Before you start: Low data volumes

If you're working with low data volumes, you likely won’t have enough data to draw a conclusion from the experiment. For example, if you're running an experiment with a new product, our estimated experiment length and warnings may not be accurate. In this case, you may see a warning in Play Console that a very low data volume is predicted within your chosen time frame. If you get a low data volume message, you may not have enough data to run an experiment or you may be able to fine-tune your experiment parameters. Here are some suggested actions to troubleshoot low data volume issues.

Conversely, if you're running a longer experiment, it’s important to consider that results may be impacted by economic factors like global currency fluctuations over time.

Part 1: Add details

To add your experiment details, do the following:

  1. Open Play Console and go to the Price experiments page (Monetize with Play > Price experiments).
  2. Click Create experiment.
  3. In the "Add details" section, enter an experiment name and a short description of your experiment (optional).
    • Note: Your experiment name and short description aren't seen by users.
  4. Select the countries/regions you want to experiment with.
    • Important: Price experiments are only implemented in the selected country/region and not in its associated locations. For example, if you select France, your price experiments will only be implemented in France and not in its associated territories like French Guiana.
  5. Using the Products drop-down, choose the in-app products you want to experiment with. The drop-down lists the available in-app product names, IDs, and price.
    • Important: If you choose an in-app product that's linked to a pricing template, the pricing template will be locked for the duration of the price experiment.
  6. Select a start date. Your experiment will begin at 00:00 PT on the date you select. You can schedule your experiment to launch in the future.
  7. Click Next to continue setting up your experiment by adding variants.

Based on your experiment setup input, if we predict your data volumes will be too low to reach statistical significance, you'll see a warning. In this case, we recommend making adjustments to ensure you gather enough data to reach statistical significance. To view possible next steps, see Recommended actions for low data volumes.

Recommended actions for low data volumes

The following recommendations will help to change the data volumes required to reach statistical significance so that the experiment duration is shortened.

Experiment setup step

Recommended action
Part 1: Add details Increase the number of countries/regions in the experiment.
Part 1: Add details Test across all in-app products or increase the number of in-app products.
Part 2: Add variants Decrease the number of variants from two to one.
Part 2: Add variants

Experiment with decreasing your price by a larger percentage (lower price).

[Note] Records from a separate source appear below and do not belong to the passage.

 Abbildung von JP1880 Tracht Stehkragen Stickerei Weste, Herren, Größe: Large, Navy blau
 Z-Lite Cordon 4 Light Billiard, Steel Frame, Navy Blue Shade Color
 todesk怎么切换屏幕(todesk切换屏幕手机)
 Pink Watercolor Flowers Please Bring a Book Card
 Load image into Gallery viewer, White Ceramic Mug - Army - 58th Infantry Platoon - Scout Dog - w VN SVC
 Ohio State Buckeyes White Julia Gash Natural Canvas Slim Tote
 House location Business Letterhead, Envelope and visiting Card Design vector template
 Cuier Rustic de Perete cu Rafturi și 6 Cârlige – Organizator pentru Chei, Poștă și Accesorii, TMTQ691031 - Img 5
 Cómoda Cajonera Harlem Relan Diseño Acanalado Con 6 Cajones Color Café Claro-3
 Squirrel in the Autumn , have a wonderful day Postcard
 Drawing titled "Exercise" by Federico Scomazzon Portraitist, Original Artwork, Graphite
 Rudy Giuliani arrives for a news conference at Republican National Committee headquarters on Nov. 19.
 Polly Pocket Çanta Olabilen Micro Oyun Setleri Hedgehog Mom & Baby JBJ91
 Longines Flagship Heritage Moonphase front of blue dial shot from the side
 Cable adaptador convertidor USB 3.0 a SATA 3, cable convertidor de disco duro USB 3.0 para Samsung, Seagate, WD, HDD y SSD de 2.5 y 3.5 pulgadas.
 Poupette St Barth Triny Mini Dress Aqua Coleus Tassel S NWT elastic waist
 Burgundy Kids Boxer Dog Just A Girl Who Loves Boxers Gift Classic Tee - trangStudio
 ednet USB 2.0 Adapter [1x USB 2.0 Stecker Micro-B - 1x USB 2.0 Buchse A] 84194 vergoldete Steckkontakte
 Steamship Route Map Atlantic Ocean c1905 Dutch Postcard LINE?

Note: This will not affect the initial estimation but will help during the live experiment.
Part 3: Manage settings Increase audience size per variant (for example, 50% control and 50% treatment).
Part 3: Manage settings

Increase the minimum detectable effect.

Note: This only affects experiments in which the variant(s) and the control performed the same.

Part 3: Manage settings Decrease the confidence level.

Part 2: Add variants

In the "Add variants" section, you can add and remove price variants. Your price experiment must have at least one variant. To add variants:

  1. Using the drop-down, choose Increase price or Decrease price, and enter the percentage you want to apply to your choice. Note the following:
    • You must enter a whole number.
    • If you select Decrease price, you must enter a value between 1 and 99.
    • If you select Increase price, you must enter a value between 1 and 999.
  2. After adding a variant, your control price range and variant price range are listed on the page. You can click View product prices for more detail, including product names and IDs, location overrides (if applicable), and tax information. Here you can see the actual percentage price changes after using the exchange rate and country-specific pricing patterns.
  3. Click + Add another variant and repeat the previous steps if you want to include multiple variants in your experiment. The control price range and variant price range are also listed on the page.
  4. Click Next to continue setting up your experiment by fine-tuning your experiment settings.

Part 3: Manage settings

In the "Manage settings" section, you can set your targeting parameters to fine-tune your experiment. To manage your experiment settings:

  1. Enter your experiment audience. This is the percentage of users who'll be in the experiment. These users will be split equally across your variant(s) and control. Note that users outside of the experiment will also see the original (control) price but won't be included in the experiment analysis.
    • Note: You must enter a whole number between 1 and 100.
  2. Enter your confidence level. Decreasing the confidence level will increase the likelihood of a false positive, but it also will decrease the experiment's runtime.
  3. Enter a minimum detectable effect. This indicates the level of improvement you want your experiment to detect. You can think of this as deciding how sensitive you want your experiment to be. This will adjust your estimated time until statistical significance calculation.
  4. Refine your targeting parameters to fine-tune your experiment. You can see the estimated time until statistical significance calculation as a guideline based on your setup.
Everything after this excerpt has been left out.